The above query returns a virtual column group_flag which will have value 1 when state of the previous record is not the same with the current one and NULL when it is the same.

id |   state   | group_flag
 1 | 'ON_DUTY' |     1
 2 | 'ON_DUTY' |     NULL
 3 | 'ON_DUTY' |     NULL
 4 | 'OFF_DUTY'|     1
 5 | 'SLEEPING'|     1
 6 | 'OFF_DUTY'|     1
 7 | 'OFF_DUTY'|     NULL
 8 | 'ON_DUTY' |     1

We used this subquery to retrieve another virtual column which has a unique value for each sequence.

SELECT t1.id, t1.state, t1.group_flag,
      SUM(group_flag) OVER (ORDER BY start_time) AS unique_sequence_value
FROM (
      SELECT id, state, start_time,
             CASE
                WHEN lag(state) OVER (ORDER BY start_time) = state THEN NULL
                ELSE 1
             END AS group_flag
      FROM transaction_logs
  ) t1;

The above query returns a new virtual column unique_sequence_value, which has a cumulatvely sum of the group_flag values ordered by start_time.

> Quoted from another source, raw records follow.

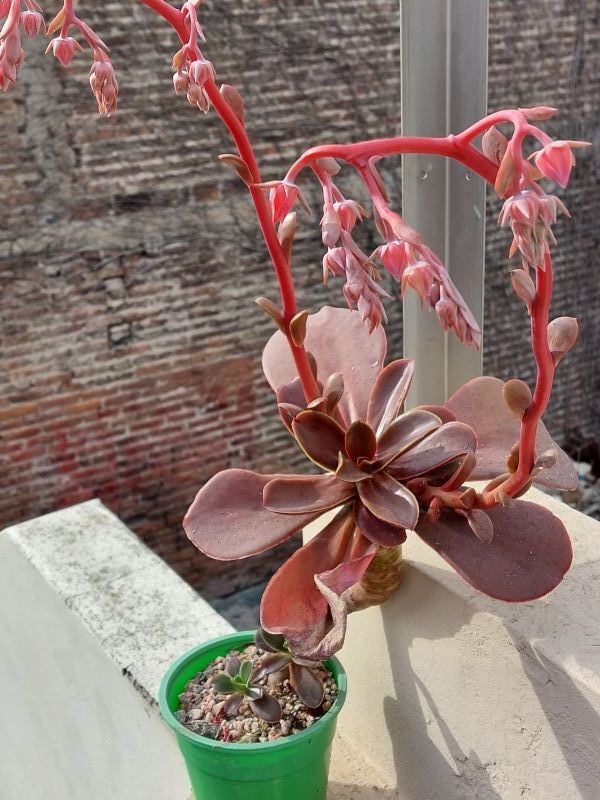 Una foto de Echeveria fimbriata  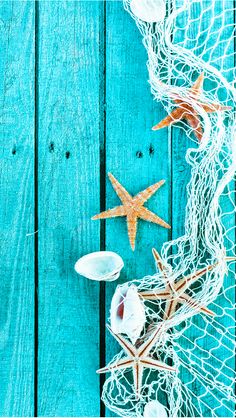 starfish, shells and net on blue wood background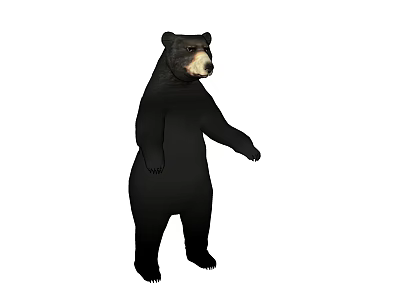 3D Rendered Black Bear Standing Upright With Detailed Fur And Paws 3d model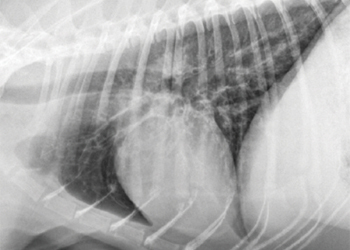 Bronchite cronica nel cane, quali sono i sintomi e come si cura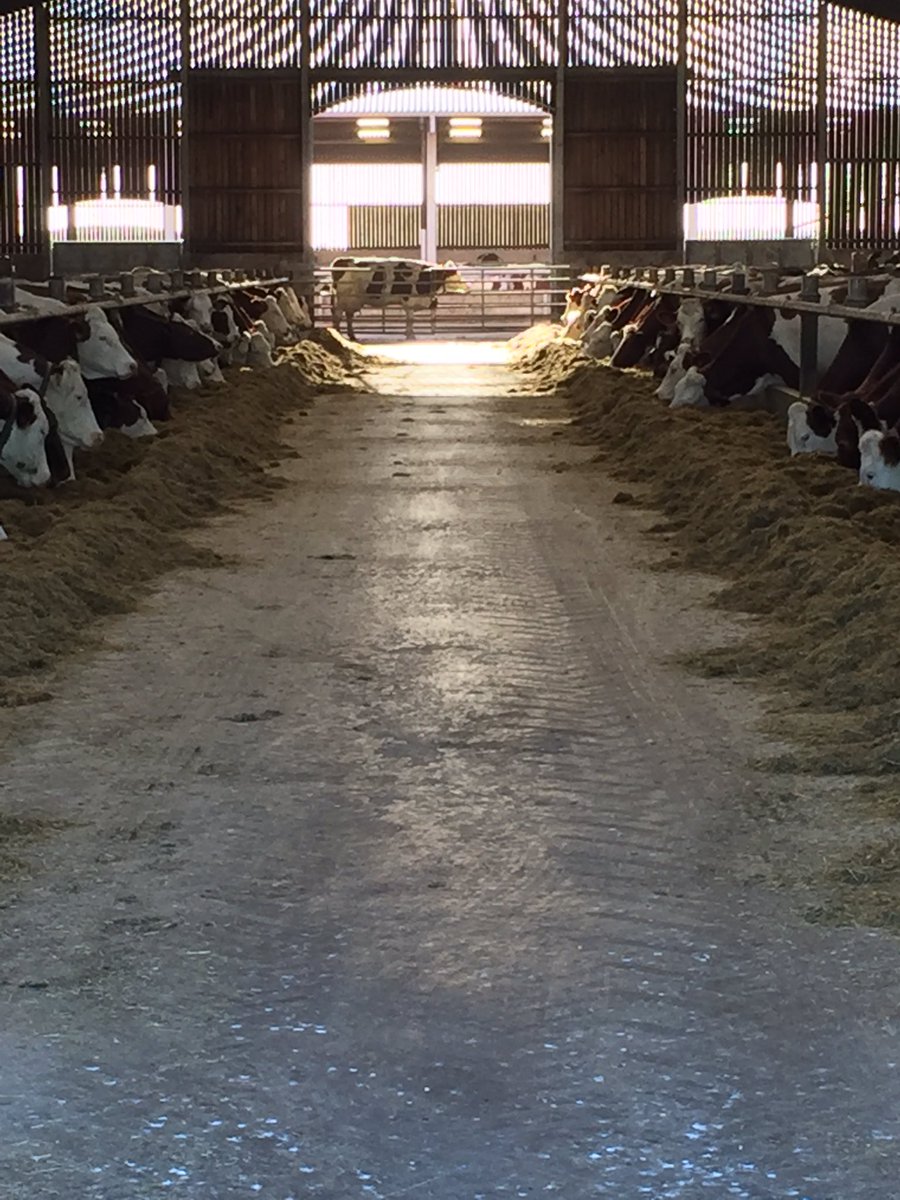 Days like this I love, future of dairying is bright 🌞 #healthycows #Februdairy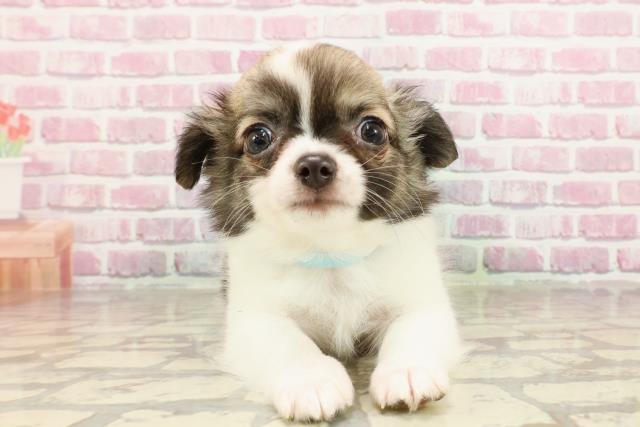 栃木県のチワワ(ロング) (Coo&RIKU小山店/2025年4月10日生まれ/男の子/セーブルホワイト)の子犬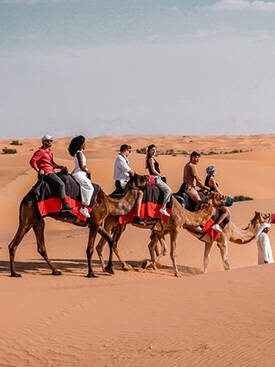 Camel Ride in Dubai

id |   state   | group_flag | unique_sequence_value
 1 | 'ON_DUTY' |     1      |   1
 2 | 'ON_DUTY' |     NULL   |   1
 3 | 'ON_DUTY' |     NULL   |   1
 4 | 'OFF_DUTY'|     1      |   2
 5 | 'SLEEPING'|     1      |   3
 6 | 'OFF_DUTY'|     1      |   4
 7 | 'OFF_DUTY'|     NULL   |   4
 8 | 'ON_DUTY' |     1      |   5

If we look at the values of the unique_sequence_value column then we can see that we’ve got the required unique value for the state sequence which we can use now for the GROUP BY query.

Final query

We used the two subqueries above to achieve the desired result

SELECT LAST(id) as id,
       LAST(state) as state,
       FIRST(start_time) as start_time,
       LAST(end_time) as end_time,
       SUM(miles) as miles
FROM (
  SELECT t1.*,
      SUM(group_flag) OVER (ORDER BY start_time) AS unique_sequence_value
  FROM (
      SELECT *,
             CASE
                WHEN lag(state) OVER (ORDER BY start_time) = state THEN NULL
                ELSE 1
             END AS group_flag
      FROM transaction_logs
  ) t1
) t2
GROUP BY unique_sequence_value
ORDER BY start_time;

We’ve created a separate table aggregated_transaction_logs to store the state change logs returned by the query.